Our research on CAD algorithms and design methodologies for extremely large integrated circuits lead to integrated optimizations, such as a unification of partitioning, placement and floorplanning; we have also developed a simultaneous optimization of digital logic and layout by finding and exploiting functional symmetries. Our current work predicts and outlines major changes in how large circuits will be designed in the future. In particular, the dominance of wires over transistors (in terms of delay and power) will lead to devastating global effects, such as buffer flooding --- long wires must be buffered, but the inserted buffers may elongate other wires, thus requiring additional buffers. Such global effects will force a complete merger of logical and physical synthesis, and will also heavily impact micro-architecture. In turn, such a merger necessitates new datastructures that capture both evolving logic and evolving layout, as well as new algorithms to perform such evolution. In our current work, we seek effective solutions to the buffer flood problem, and are developing fully integrated logic and layout optimization at large scale. We are also actively looking at large-scale combinatorial optimization and constraint satisfaction relevant to VLSI applications, such as circuit partitioning and Boolean satisfiability. Our software has been included among CAD tools required for the design of LSI Logic's RapidChip integrated circuits (structured ASICs) and in this context was used to design successful chips at Hewlett Packard, Silicon Graphics, CISCO, Raytheon, Seagate, Fujitsu, Hitachi, 3COM, Nortel Networks, Alcatel, Cryptec and IP Wireless.

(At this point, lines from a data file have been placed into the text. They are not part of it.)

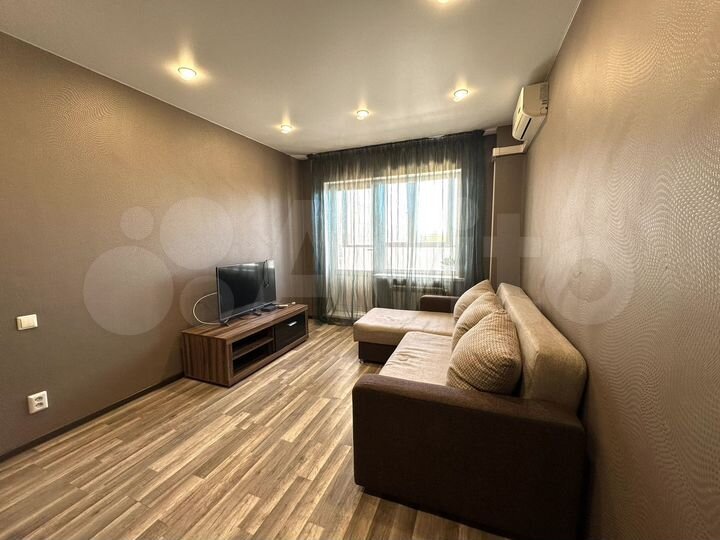 1-к. квартира, 40 м², 4/16 эт.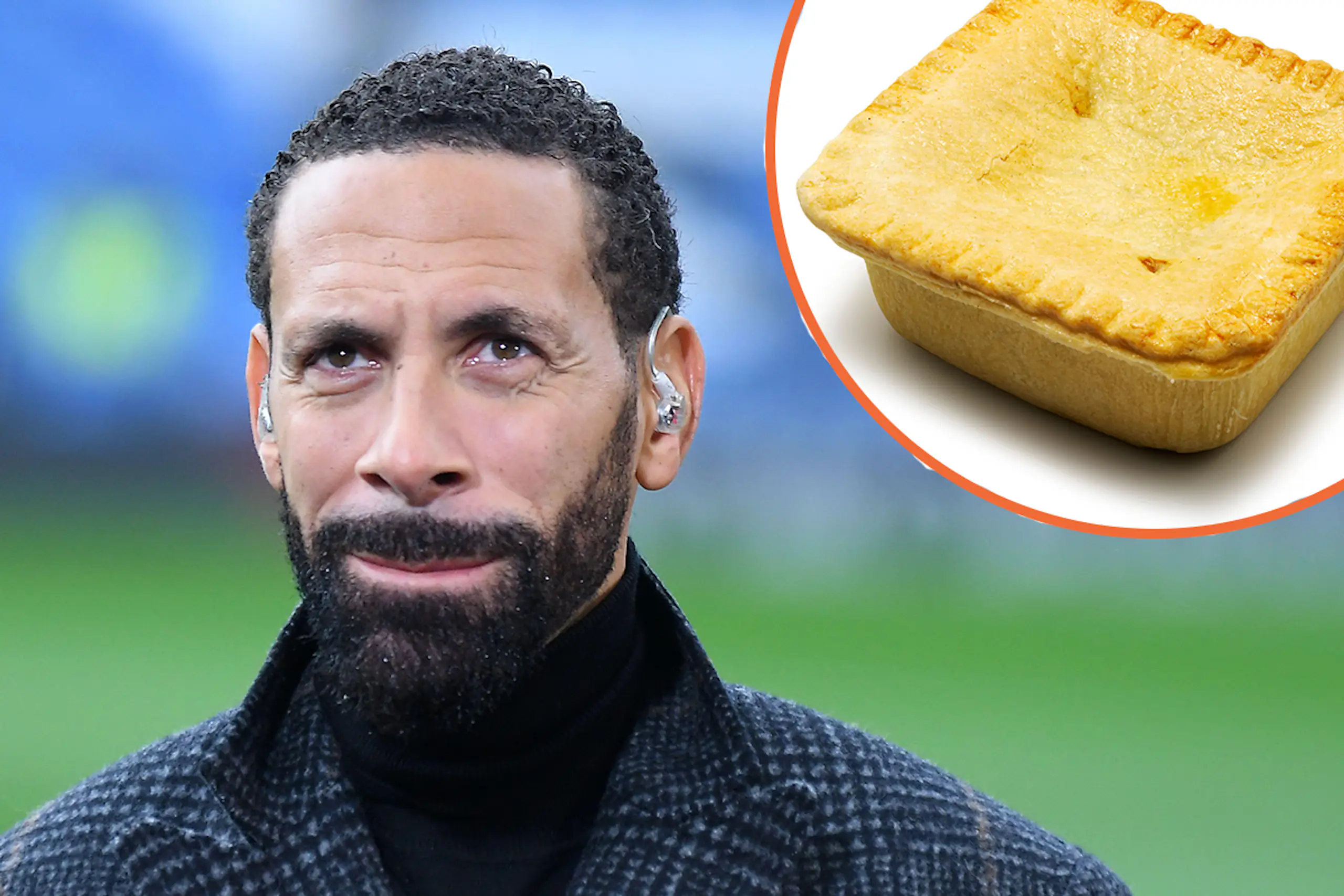 Rio Ferdinand brutally rips into the UK’s favourite snacks before offering a tasty solution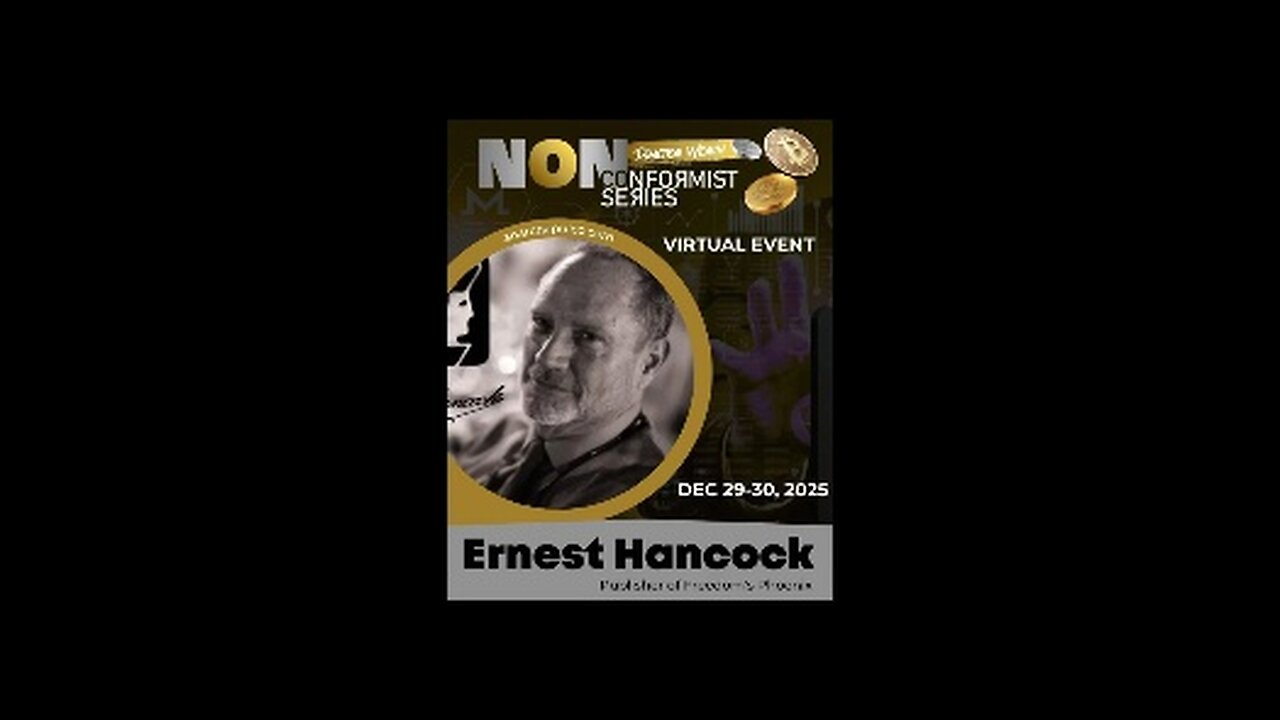 NCS 2025 - Ernest Hancock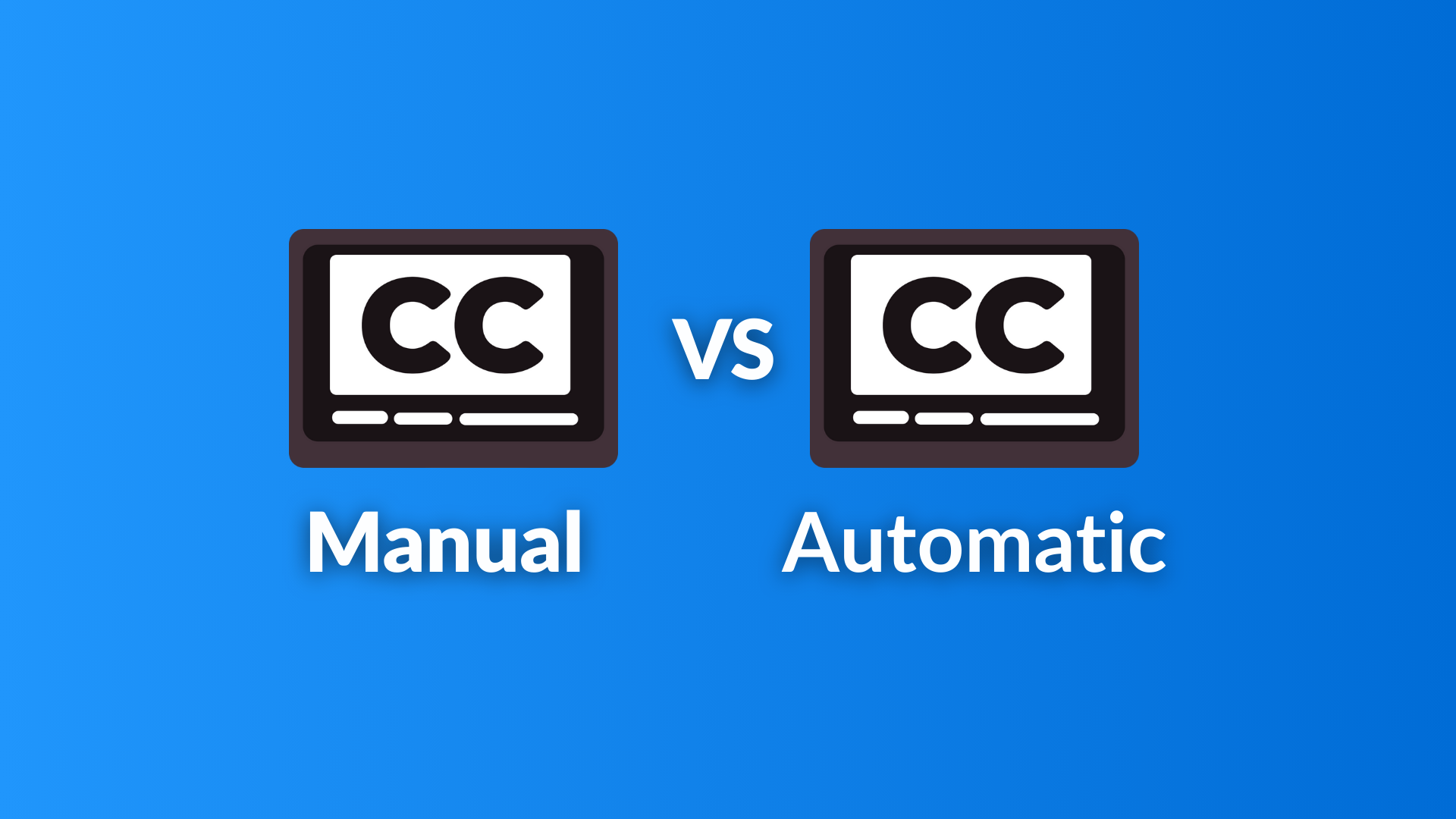 Auto Captions vs Manual Captions vs Burned-In Captions: Which Is Best for TikTok?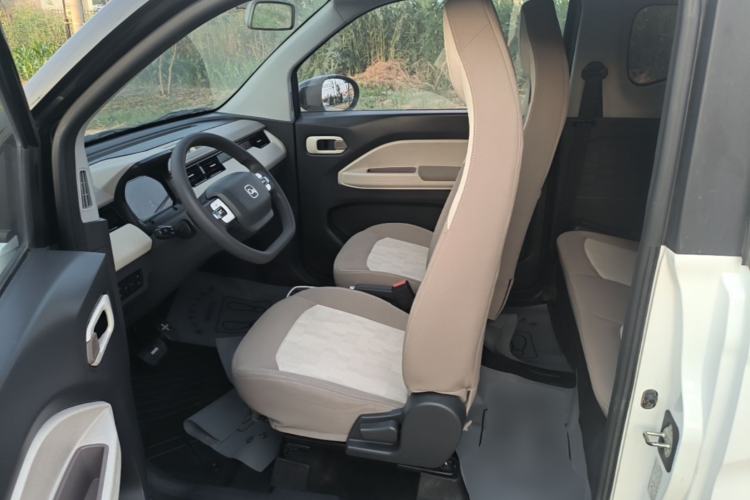 Used Chery QQ Ice Cream 2025 155km Sundae Edition Left Front Seat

It is well-known that worst-case complexity of computational problems does not capture achievable performance in problem-solving because only a very small fraction of inputs can be realistically explored within the age of the universe. In this context, understanding commonly-occuring structure in instances of NP-hard problems offers hope in applications that require solving such instances. To this end, we have performed a comprehensive study of symmetries and symmetry-breaking in instances of Boolean satisfiability, and graph coloring. We developed the world's fastest Graph Automorphism solver that helps finding symmetries in a variety of problems and can be used in conjunction with our efficient techniques to handle symmetries. This often results in dramatic efficiency improvements. In one case (proving the pigeon-hole principle) a provably-exponential complexity was reduced to low-polynomial complexity, both provably and empirically. Significant improvements have been observed in the context of formal verification of digital circuits -- our algorithms are used at Siemens and our software implementation is used at Synopsys. We have also demonstrated speed-ups in SAT solving and formal verification by exploiting two different hypergraph structures extracted from input clauses.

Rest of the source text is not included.